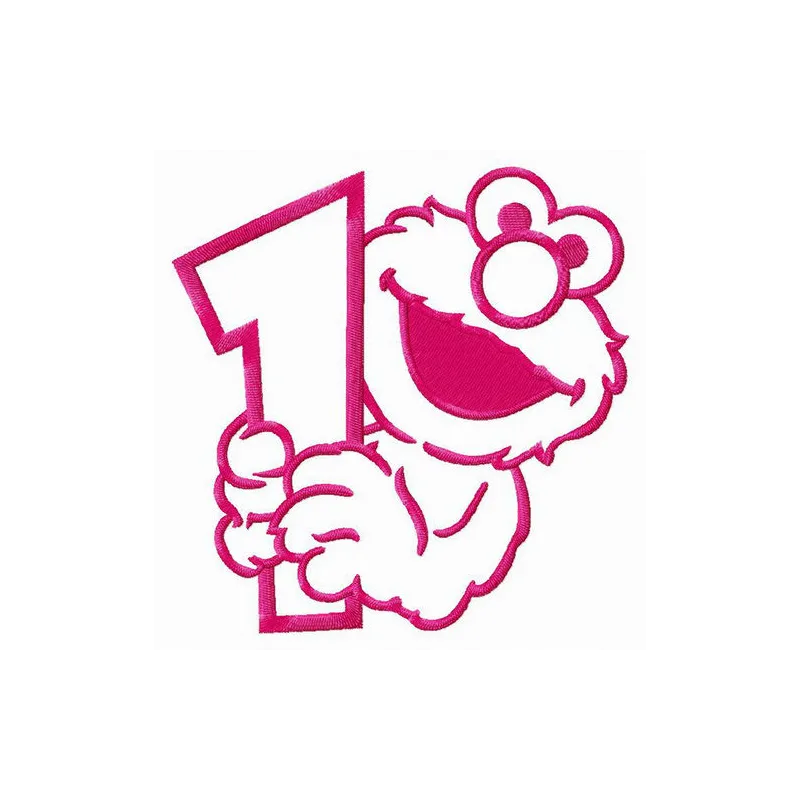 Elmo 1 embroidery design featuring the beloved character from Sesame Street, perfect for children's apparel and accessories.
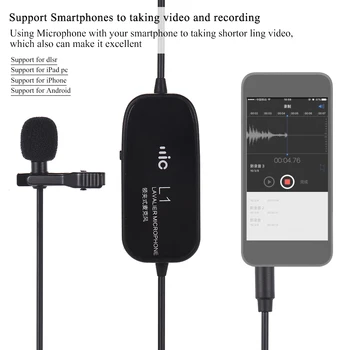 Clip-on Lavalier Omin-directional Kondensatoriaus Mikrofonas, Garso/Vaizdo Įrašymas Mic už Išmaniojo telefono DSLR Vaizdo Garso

--

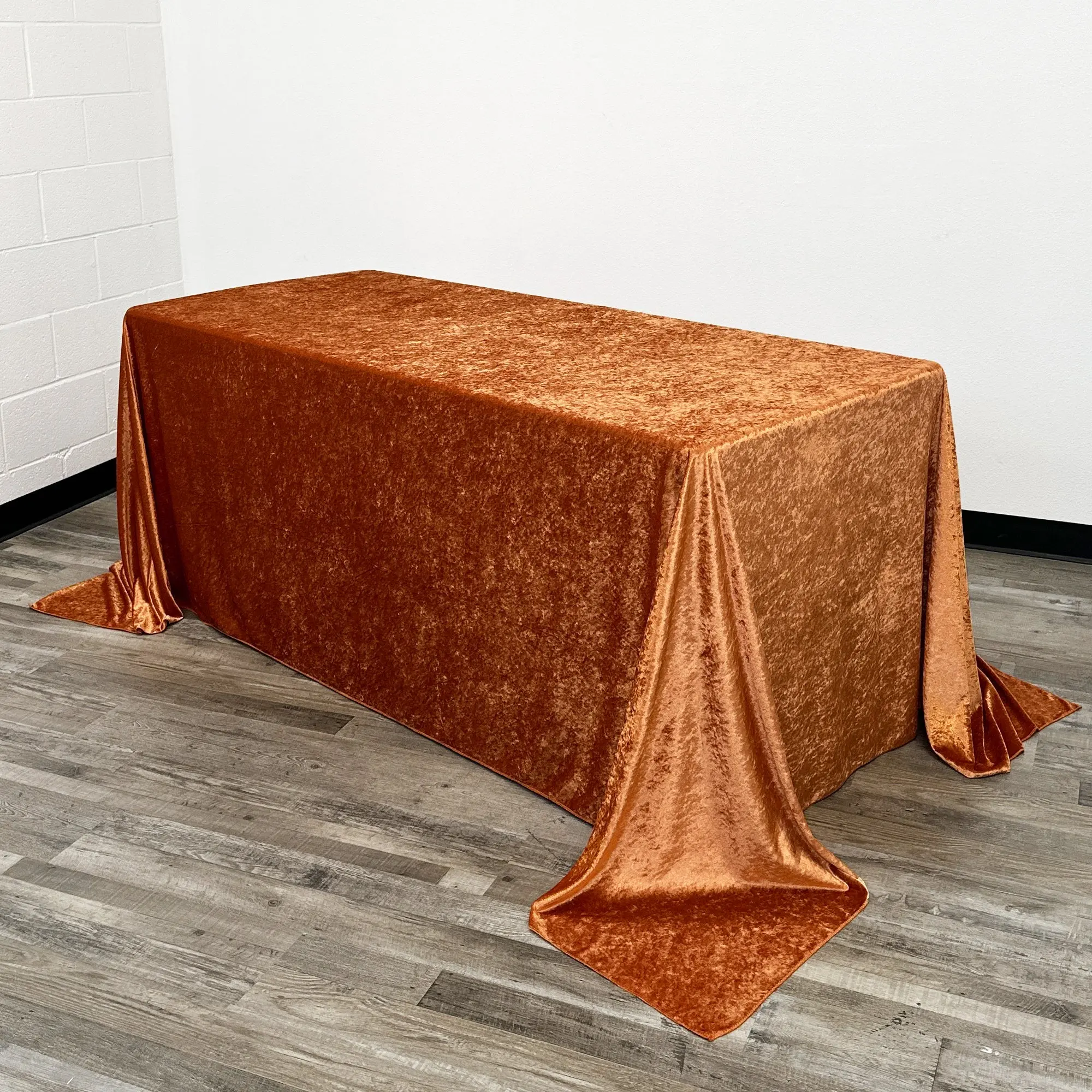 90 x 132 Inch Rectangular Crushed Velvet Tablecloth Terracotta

...

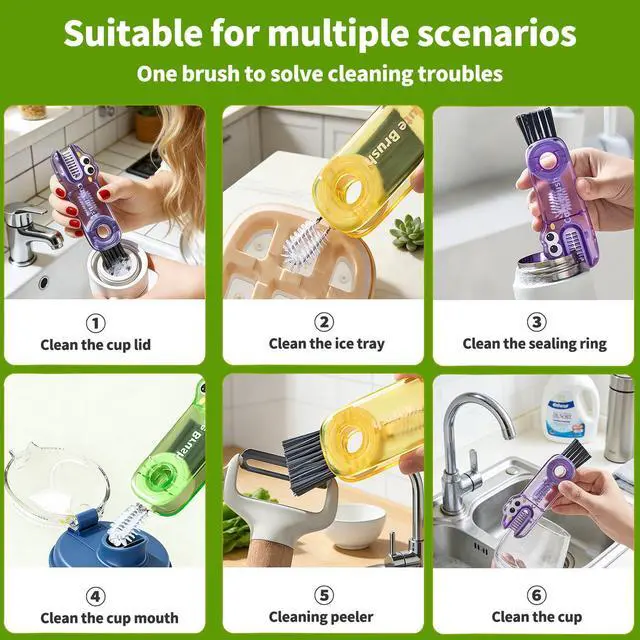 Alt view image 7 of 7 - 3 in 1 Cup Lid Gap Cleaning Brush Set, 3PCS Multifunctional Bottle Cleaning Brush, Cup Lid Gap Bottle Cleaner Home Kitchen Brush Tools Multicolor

*Problem details*
Output exactly the stretch of the listing that begins at the line containing "Elmo 1 embroidery" and ends at the line containing "Clip-on Lavalier Omin-directional", both kept. Omit pictures and everything else.

*Response*
 Elmo 1 embroidery design featuring the beloved character from Sesame Street, perfect for children's apparel and accessories.
 Clip-on Lavalier Omin-directional Kondensatoriaus Mikrofonas, Garso/Vaizdo Įrašymas Mic už Išmaniojo telefono DSLR Vaizdo Garso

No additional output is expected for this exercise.